I generally work on symbols of male (using body-builders) and female (using fashion top models). I always build on the idea of the perfection of the human body; the idealization and the idolization of the human body. I use cutouts from magazines and digitally rework them, then manually work them into the canvas to create my narrative. Sometimes they’re very obvious, or critically speaking “literal”, at other times they’re not (and you need to take a closer look) and are more metaphoric.

I suppose what differs in this new work is the way in which I use fewer and oversized symbols on my canvases, giving them a new significance as regards to their previous appearances in other painting projects.

Two Stockholm Hathors & One Nute 250 x 200 cm

Hathor, the ancient Egyptian ‘cow’ goddess: maternal, sensual, and sometimes sexual. She symbolizes a ‘space’ that brings (holds) people together in one place – she is giving, she is even sacrificing her own flesh for people to eat and live. I refer to her as ‘she’ and not ‘it’ as she is the sacred feminine. I use a representation of the animal (in this case, a cow)  metamorphosing the form into a simulation of an ancient Egyptian idiogram or pictograph. I place the Ma’at crown on her head to symbolize justice. I use a figure of the actual animal and not the actual ancient Egyptian god to avoid clichés.

Sekhmet, the lioness and ancient Egyptian goddess of war. I use her quite a lot. She appears in many different ways in this project. She dominates her space reminding us that the sacred feminine, capable of such boundless generosity and sacrifice, is equally capable of bloodshed and war.

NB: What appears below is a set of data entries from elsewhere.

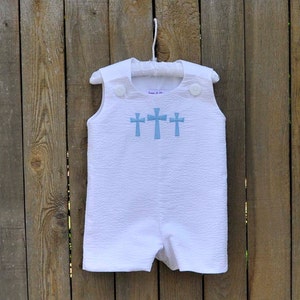 May include: White baby onesie with blue embroidered crosses. The onesie has a button closure at the shoulder and is hanging on a white hanger.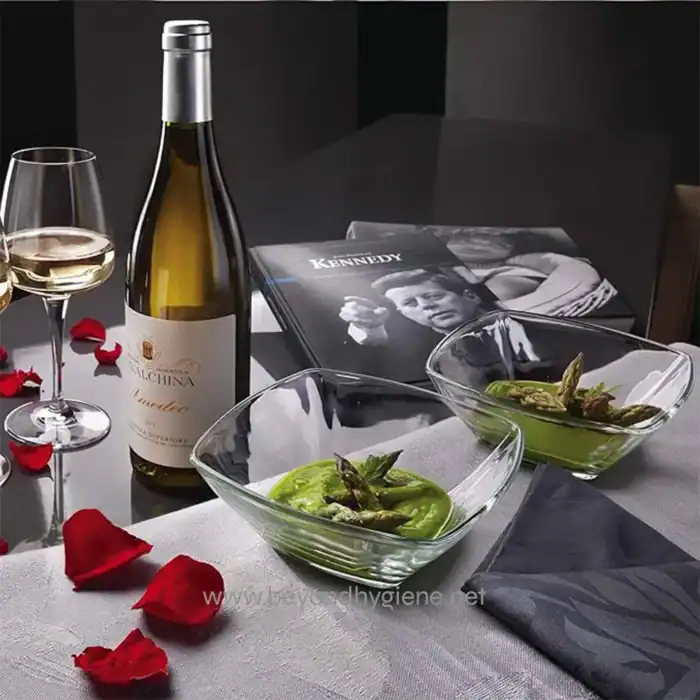 Wine and appetizer setup with champagne glasses, a bottle of wine, seafood, and magazines on a sophisticated table setting.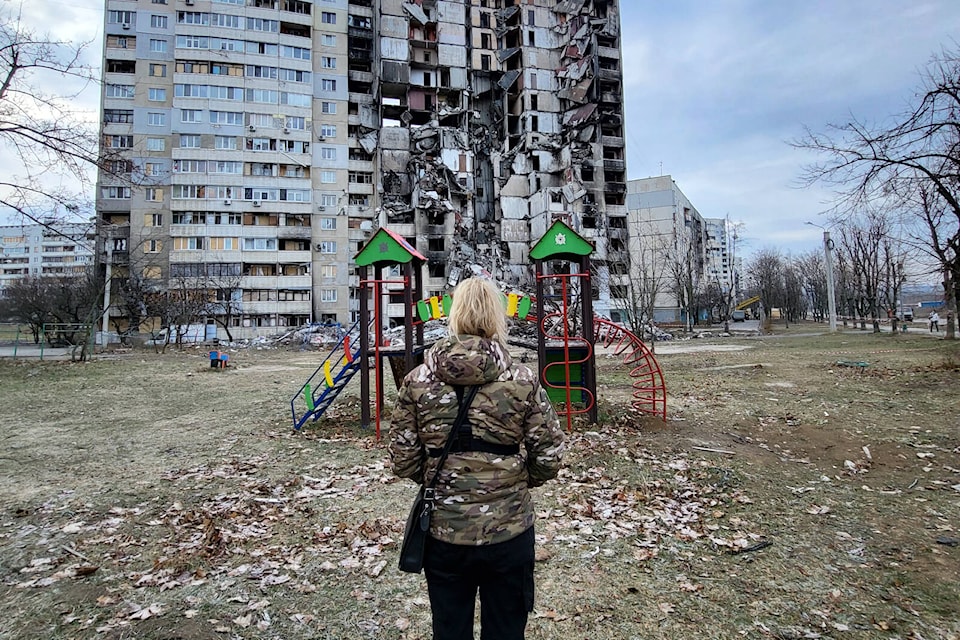 April Huggett stands in front of a destroyed apartment building in the Saltovka area of Kharkiv. Photo: Submitted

Eagle of Saladin (SalahEldin): this is a newly introduced symbol that occurs sometimes in newer canvases – representing the present state of the country and criticizing those currently in power.

Islamic star: it symbolizes the current prevalence of the right wing religious streams of thought.

Runners: these uniform images of human figures running insinuate the idea of flight; flight of identity, flight of power, flight from faith to agnosticism and from agnosticism to faith. The runners may also refer to the notion of forced migration, both in the physical literal and the metaphoric senses; the escape to another place/space/reality.

Stockholm Hathor Rain 200 x 120 cm

Colour dripping: the thousands of colour drips all over the canvases for me represent the diversity of people in Tahrir Square, all coming from different walks of life. The surface of the canvas is a field of expression, just like Cairo’s streets and squares, and the ‘dripping’ is the protestors and demonstrators all expressing their different lives and their intermingling narratives.